It took only four at-bats for Hays to make history, also joining Brooks Robinson in 1960, Cal Ripken Jr. in 1984, Aubrey Huff in 2007 and Felix Pie in 2009. No one else did it in six innings.
"It's unbelievable," said manager Brandon Hyde. "That's incredible. What a special night and a beyond incredible accomplishment for a player to do something like that."
Tonight marked the third time that a player has hit for the cycle against the Nationals. Charlie Blackmon (2018) and Jake Cronenworth (2021) are the others.
Cishek tried to get three sliders past Hays, who reached on an infield single in the first, homered in the third and had a standup triple off the right field fence in the fourth against left-hander Patrick Corbin.
"We had the rain delay, so we came back inside. It was unclear if we were going to be able to go back out and finish the game or not," Hays said. "I think I was six or seven spots away, so I wasn't sure, with more rain coming, if I was even going to get the opportunity.
"It was crazy. I was definitely thinking about it. I was just thinking about getting a slider that was hanging over the middle of the plate and hitting it to left-center, and sure enough, Cishek hung a slider right there and I was able to hit the line drive to left-center. It was a really cool feeling. Goosebumps hit me right as I was touching second base. Nothing else to do but just point up to the sky and thank God for the opportunity for that. It was a really cool moment."
Catcher Robinson Chirinos had a little fun with Hays during the initial delay, knowing what was at stake.
"When we were first coming off the field, he's like, 'Do you want to go back out there, or are you good if the game ends right here?' And I was like, 'I'm good with whatever, man, whatever happens. We got the lead right now, so we're going to get the win either way,'" Hays said.
"It's a cool experience for the rain to hold out and to be able to go out there and do that. It might not every happen again, so just tried to enjoy the moment with my teammates."
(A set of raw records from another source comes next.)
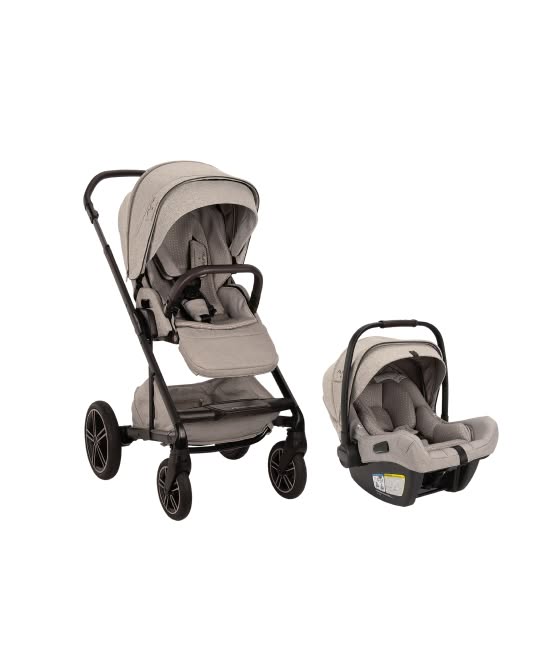 Nuna Mixx Pipa Aire RX Travel System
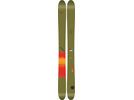 Set: Line Magnum Opus 2018 + Salomon Warden MNC 13 saffron/black | Bild 2
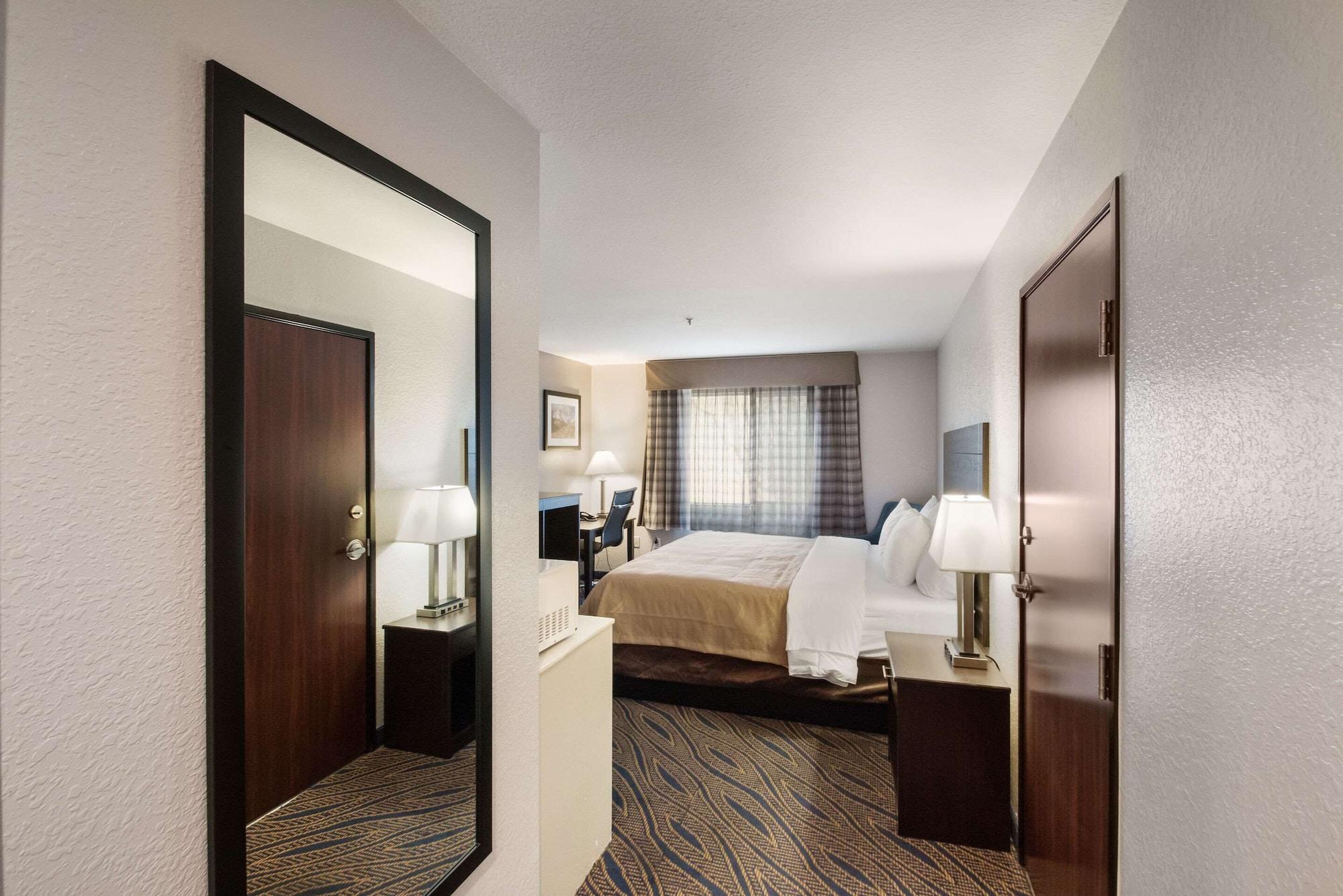 Quality Inn Midvale - Salt Lake City South Dış mekan fotoğraf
Mancini homered over the left field wall, Anthony Santander singled, Ryan Mountcastle flied out to end the inning, and the tarp was unrolled again with the Orioles leading 7-0. The teams never came back on the field. Game over.
Hays' work here was done.
"That was awesome," Mancini said. "So proud of him. That was so cool. ... He's just the epitome of a gamer and a professional. He always grinds every at-bat out, and we saw tonight what can happen when you do that. I'm so proud of him and so happy for him.
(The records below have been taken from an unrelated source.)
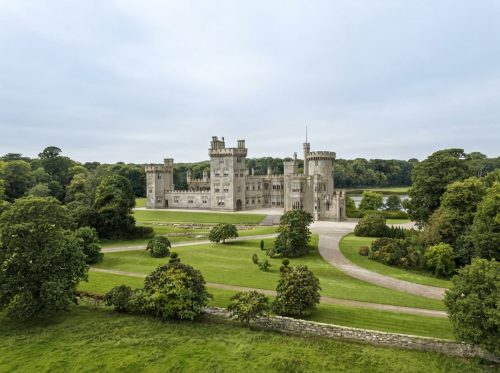 Dromoland Castle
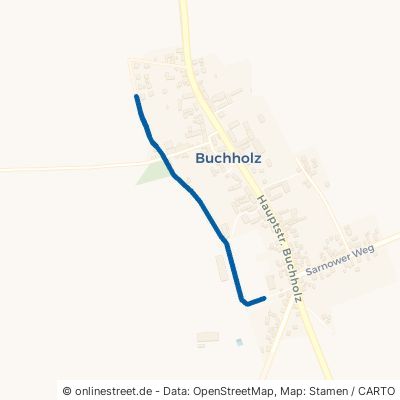 Wirtschaftsweg Buchholz 16928 Pritzwalk Buchholz 
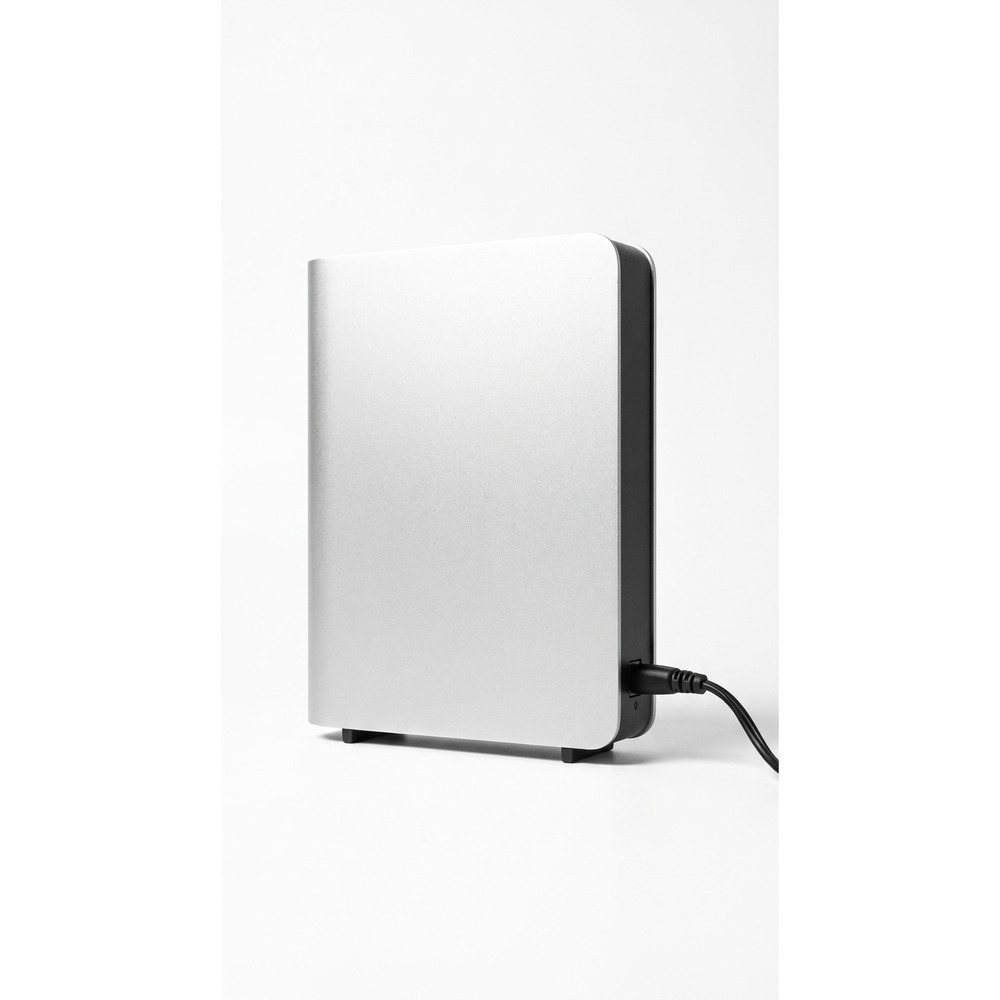 WD My Book Studio External Hard Drive Silver USB 3.0 WDBCPZ0020HAL untested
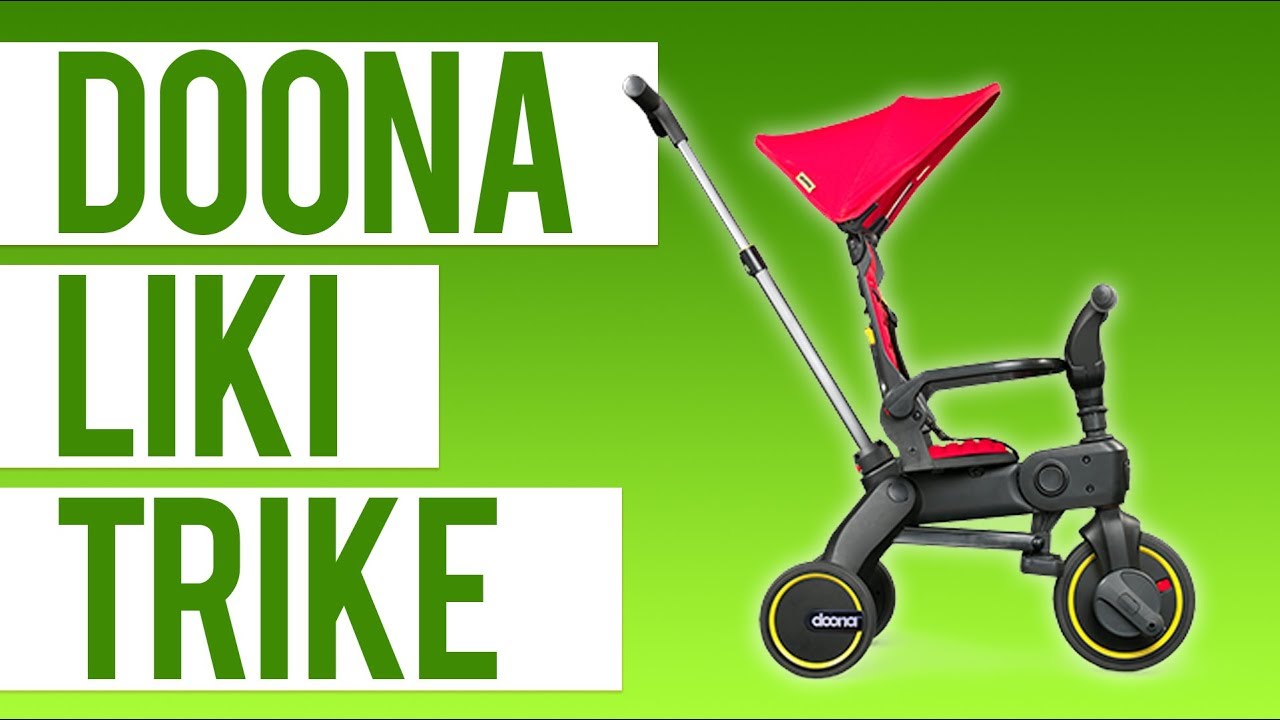 Doona Liki Trike 2019 | First Look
"The name of the game was always just staying healthy for him. This is Austin Hays we all know and have seen over the years. He's done a good job of staying healthy this year, and this is what you get when he does it. He's a special player and a really special talent."
Mancini embraced Hays at home plate after his home run.
"I was glad I was the first one to be able to congratulate him," Mancini said. "It was just so cool. I was really happy to be there for that."
Tyler Wells didn’t know if his manager or the weather was going to influence the length of tonight’s start.
Hyde wanted to tighten the leash after Wells exceeded 80 pitches in his last two appearances and three of four, all of them resulting in victories. The forecast kept changing, but rain was heading this way.
When and how much were the lone uncertainties.
Teams have made late switches to prevent wasting a starter, like if precipitation is due less than an hour after first pitch - Hyde saw it a few times in Miami - but the Orioles kept checking the radar and stuck with Wells.
The former Rule 5 pick threw a career-high 95 pitches in five scoreless innings, only 55 for strikes, and it began to pour at 9:03 p.m. The delay lasted 44 minutes. There would be another, but only after Hays had his moment.
Hays hit his 10th home run, a line drive over the left field wall leading off the third inning, and Santander hit his 13th later in the inning. Hays on an 0-2 pitch, Santander on 3-0.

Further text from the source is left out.